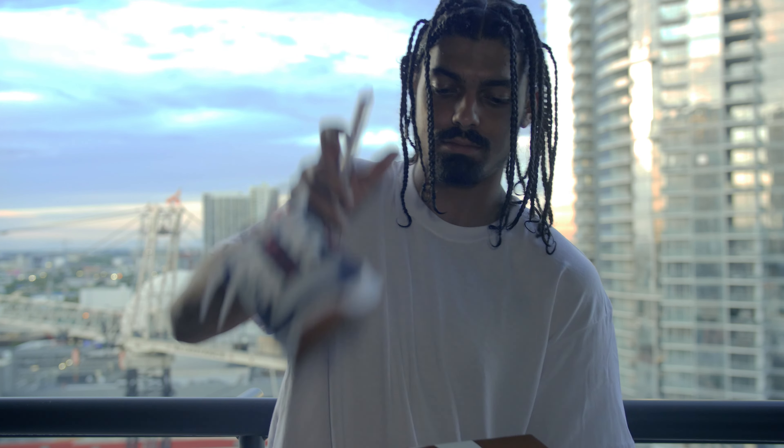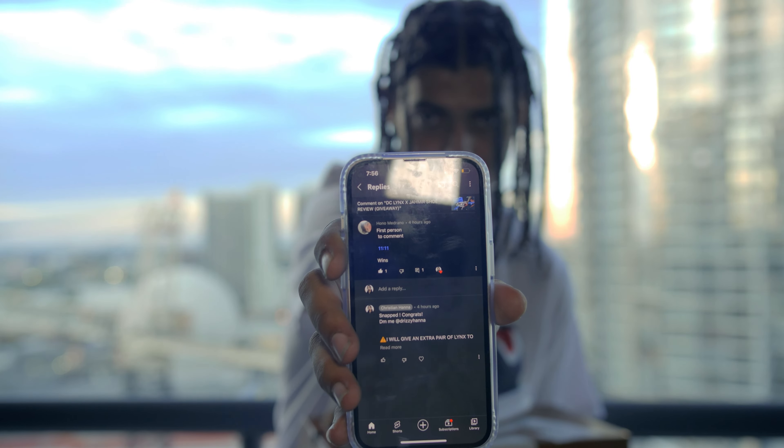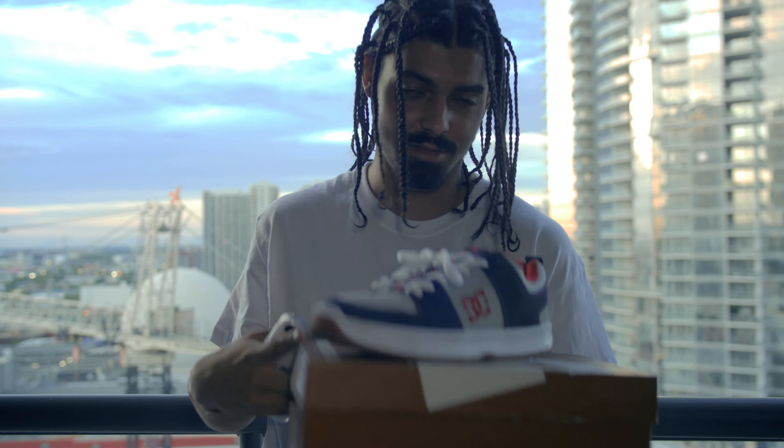What's up guys? We are in beautiful Miami, Florida and today we are reviewing one of the loudest looking shoes I've seen — the Nike SB Nyjah 2. It's Nyjah's second shoe that he's ever come out with and it has a lot of differences from the first shoe.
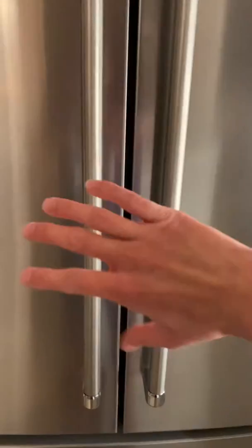This is our new Whirlpool fridge. It's making this loud sound, and if you put your hands on it, it stops. You could actually hear it right here.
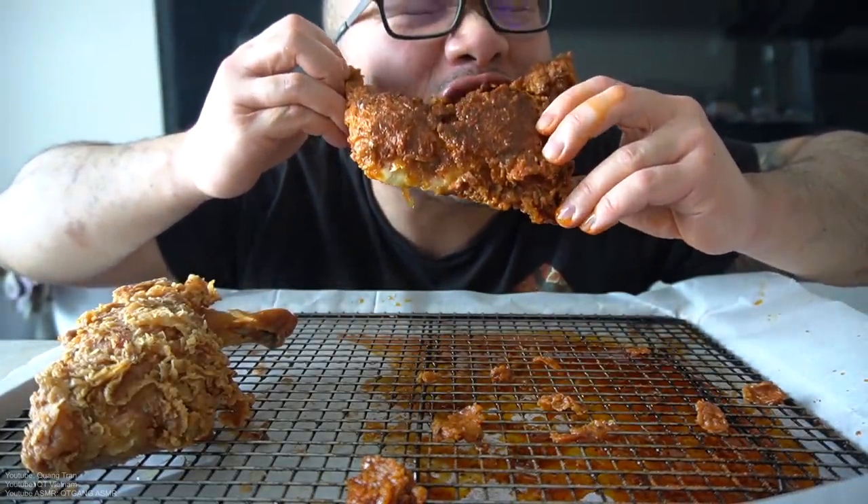Peep this crunch. Best hot chicken you guys will ever make — I promise you guys. Shall we? Don't blink.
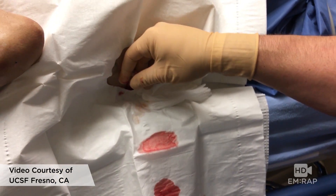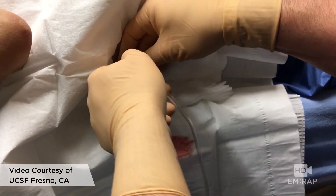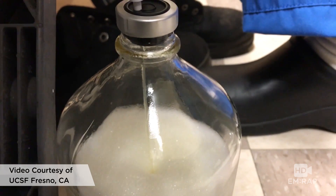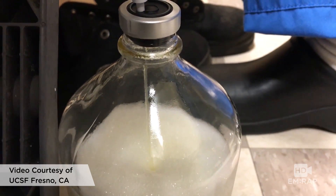Connect your tubing to the catheter and to the vacuum-sealed containers, which notably are not sterile. So at this point you are no longer sterile, unless you have an assistant to help you with this.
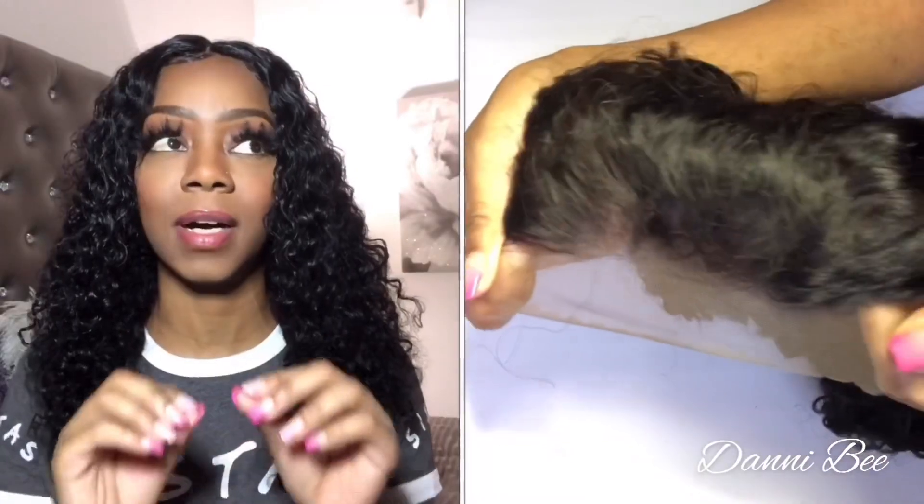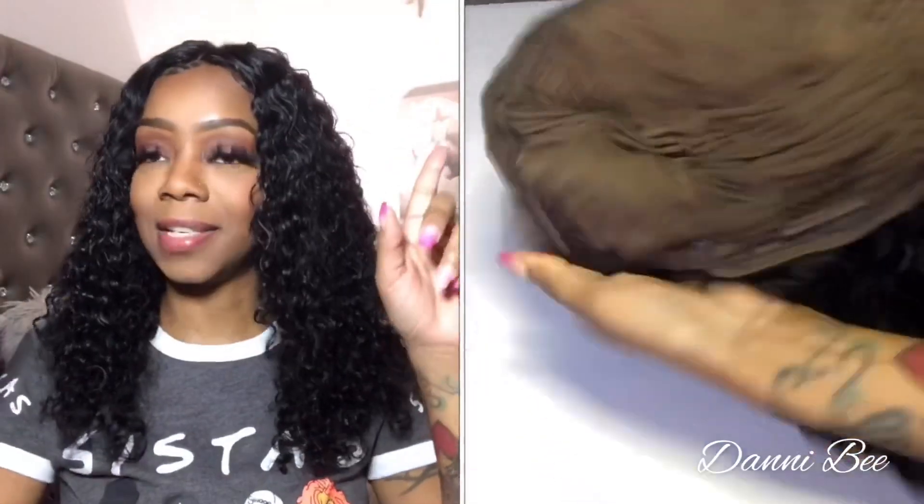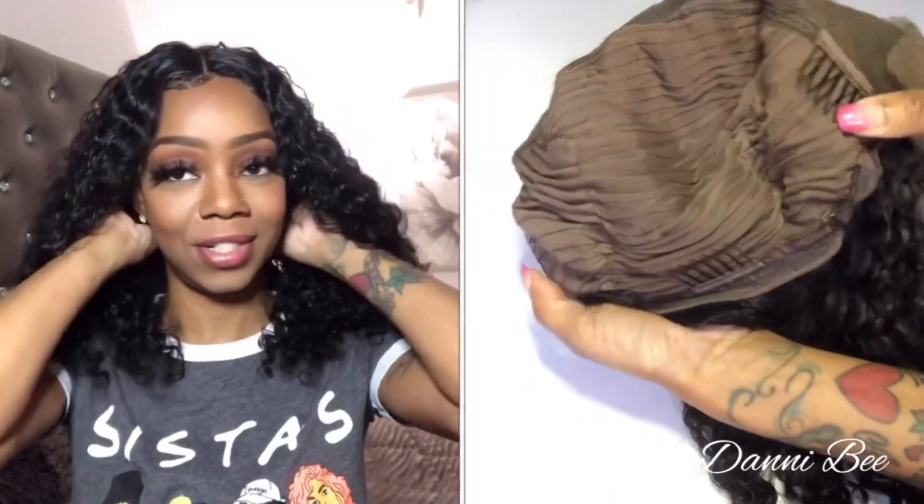She does have an elastic band in the back where you can connect it and make it a little bit smaller, but she does not have that big black elastic band that I'm used to that was securing this unit.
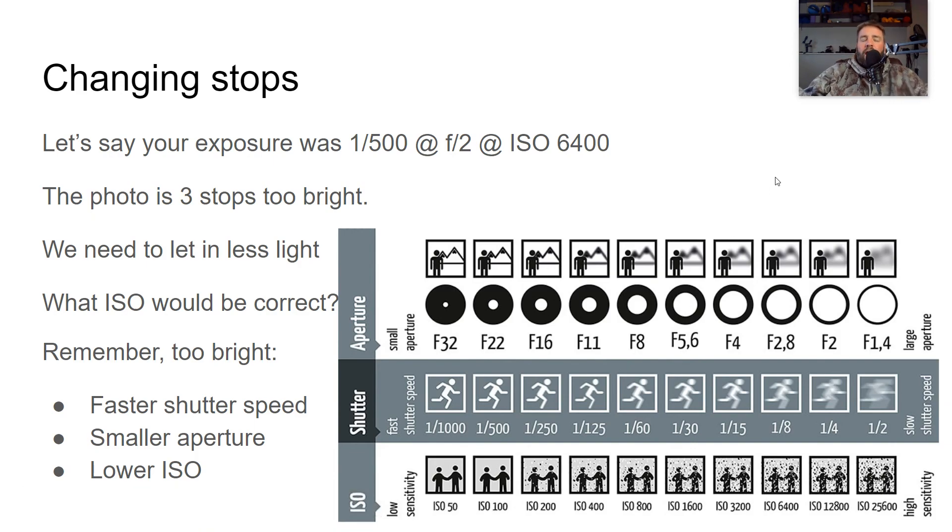Hopefully this helps you understand manual exposure a little bit more and how to change your exposure to get things looking correct. You've probably already figured some of it out, but hopefully this just helps clarify things and get you ready for some of the really cool manual exposure assignments we're going to be doing coming up.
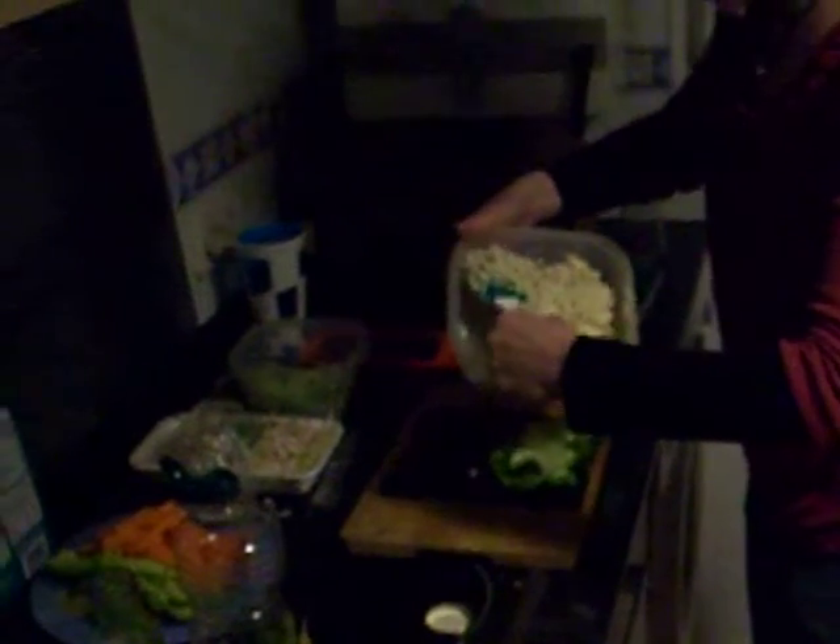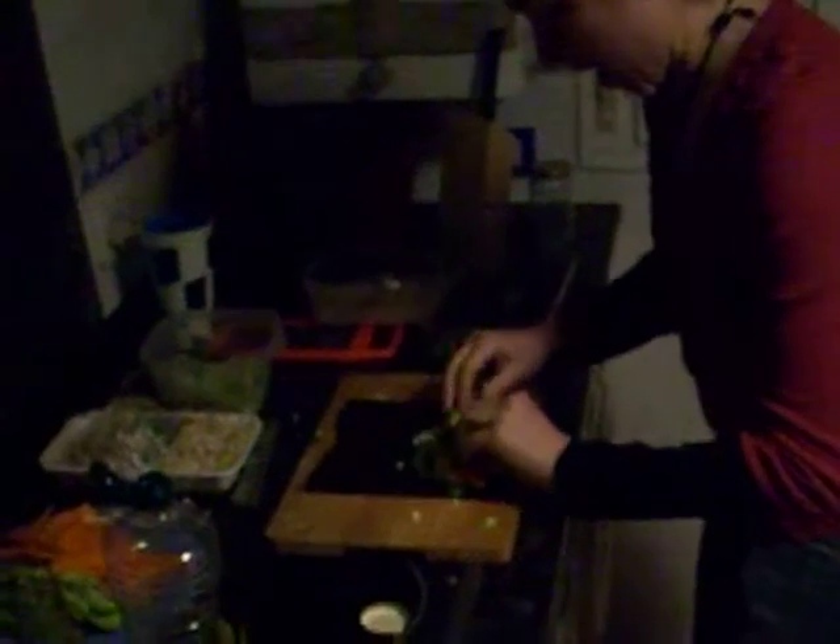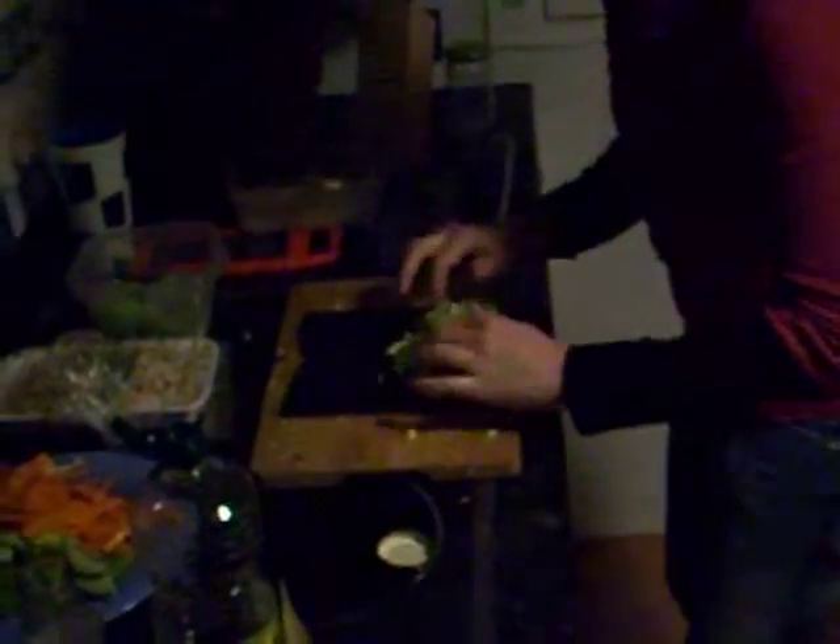And the other pâté is an almond pâté with garlic, ginger, and lemon. And then we add some fresh carrot, some avocado, and some bean sprouts.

ACTIVITY
With pictures omitted, restate word for word every line above from the one containing "Connect your tubing" to the end of the entries.

EXERCISE ANSWER
Connect your tubing to the catheter and to the vacuum-sealed containers, which notably are not sterile. So at this point you are no longer sterile, unless you have an assistant to help you with this.
She does have an elastic band in the back where you can connect it and make it a little bit smaller, but she does not have that big black elastic band that I'm used to that was securing this unit.
Hopefully this helps you understand manual exposure a little bit more and how to change your exposure to get things looking correct. You've probably already figured some of it out, but hopefully this just helps clarify things and get you ready for some of the really cool manual exposure assignments we're going to be doing coming up.
And the other pâté is an almond pâté with garlic, ginger, and lemon. And then we add some fresh carrot, some avocado, and some bean sprouts.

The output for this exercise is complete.